▶ _WHAT TO DO_
Among the entries below, which lines run from the line with "2017 Toyota RAV4 Hybrid SE" through the line with "Laddbar Bordsfläkt Vit"? Retype those, both ends included, exactly and without pictures.

▶ _RECORDS FOR THE EXERCISE_
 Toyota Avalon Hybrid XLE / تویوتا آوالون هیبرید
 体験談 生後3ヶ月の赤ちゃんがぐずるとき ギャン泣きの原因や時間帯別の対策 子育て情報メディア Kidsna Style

* * *

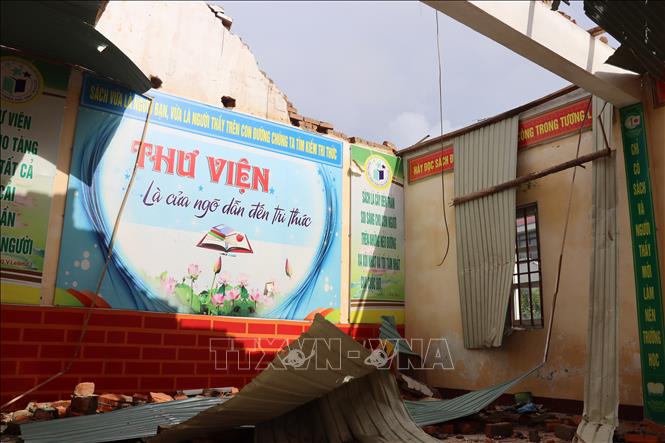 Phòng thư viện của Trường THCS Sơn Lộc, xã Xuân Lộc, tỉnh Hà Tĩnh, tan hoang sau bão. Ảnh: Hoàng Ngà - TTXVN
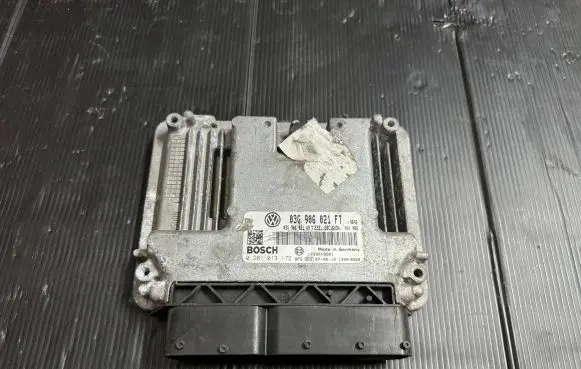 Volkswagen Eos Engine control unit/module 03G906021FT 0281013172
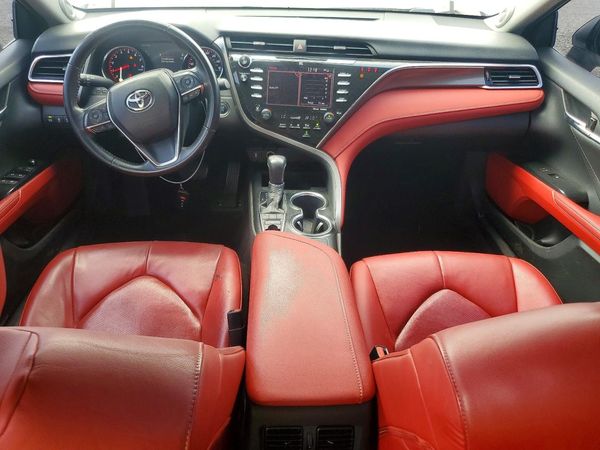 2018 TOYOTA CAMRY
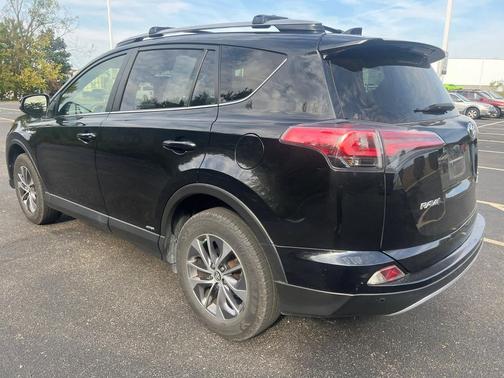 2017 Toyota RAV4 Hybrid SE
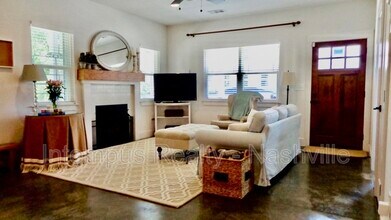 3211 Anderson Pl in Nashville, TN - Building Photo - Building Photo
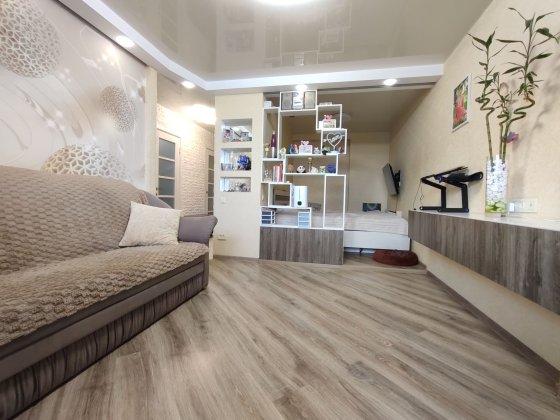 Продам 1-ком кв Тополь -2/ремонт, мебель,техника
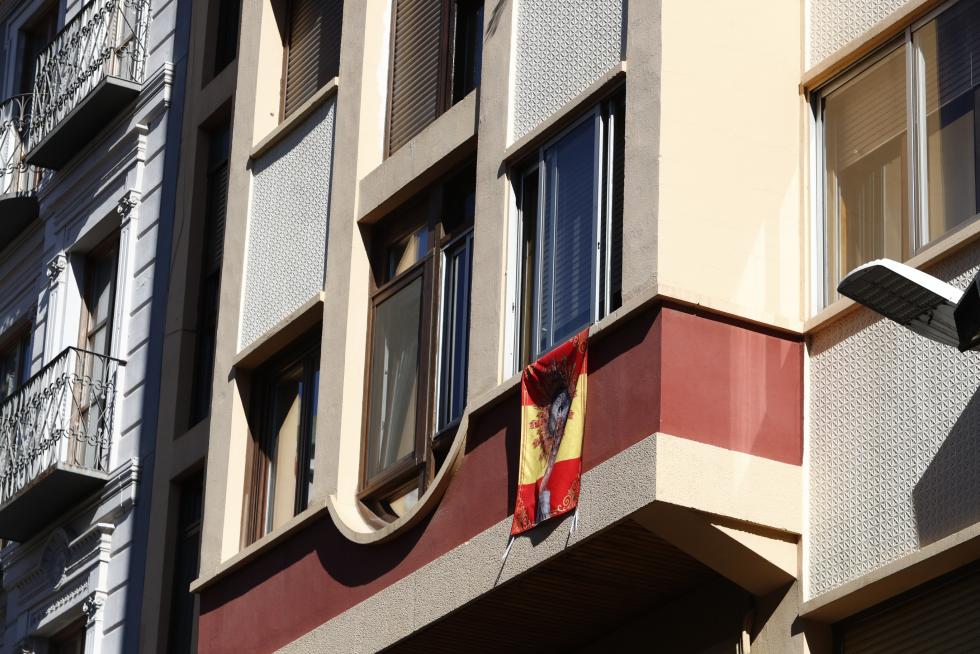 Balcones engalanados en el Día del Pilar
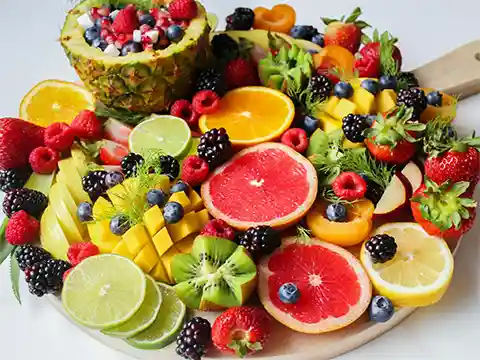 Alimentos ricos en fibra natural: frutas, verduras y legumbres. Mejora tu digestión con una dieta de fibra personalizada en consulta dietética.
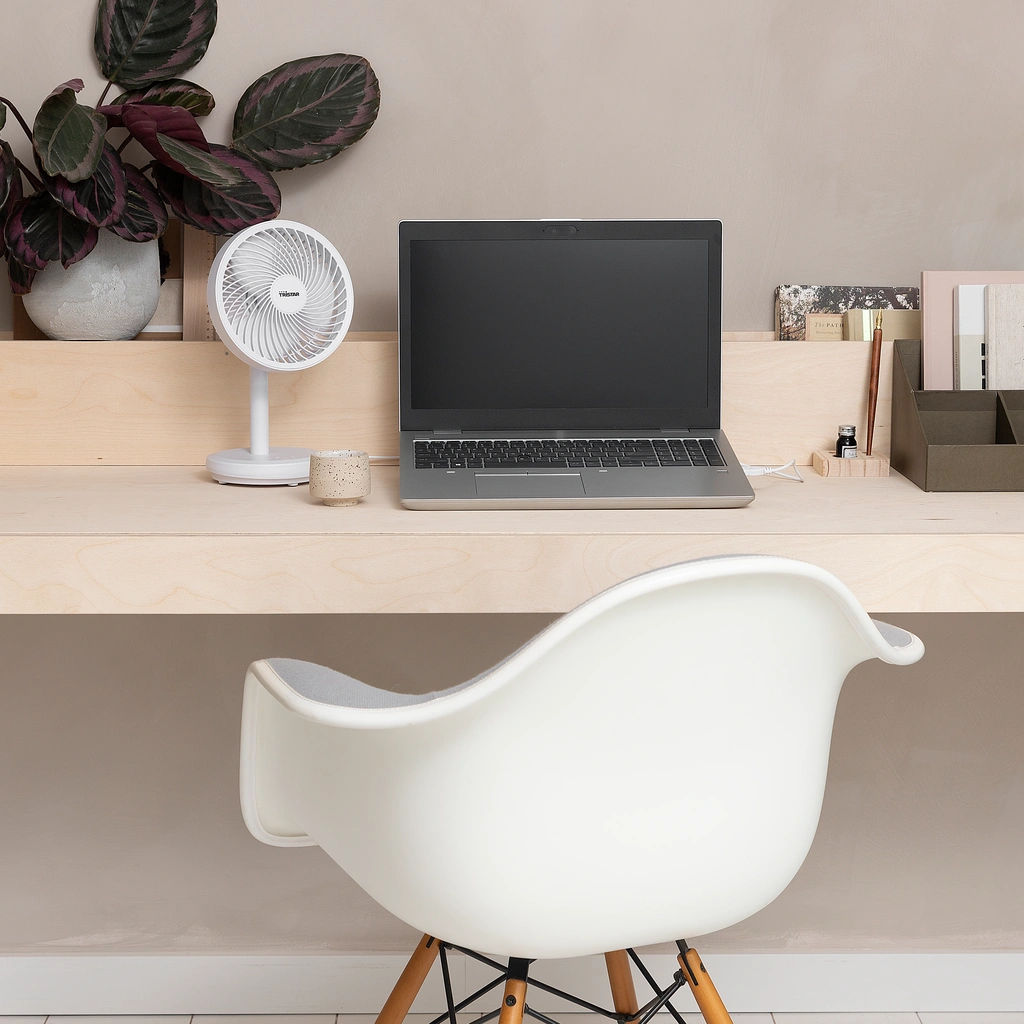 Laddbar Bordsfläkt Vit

▶ _COMPLETED TASK_
 2017 Toyota RAV4 Hybrid SE
 3211 Anderson Pl in Nashville, TN - Building Photo - Building Photo
 Продам 1-ком кв Тополь -2/ремонт, мебель,техника
 Balcones engalanados en el Día del Pilar
 Alimentos ricos en fibra natural: frutas, verduras y legumbres. Mejora tu digestión con una dieta de fibra personalizada en consulta dietética.
 Laddbar Bordsfläkt Vit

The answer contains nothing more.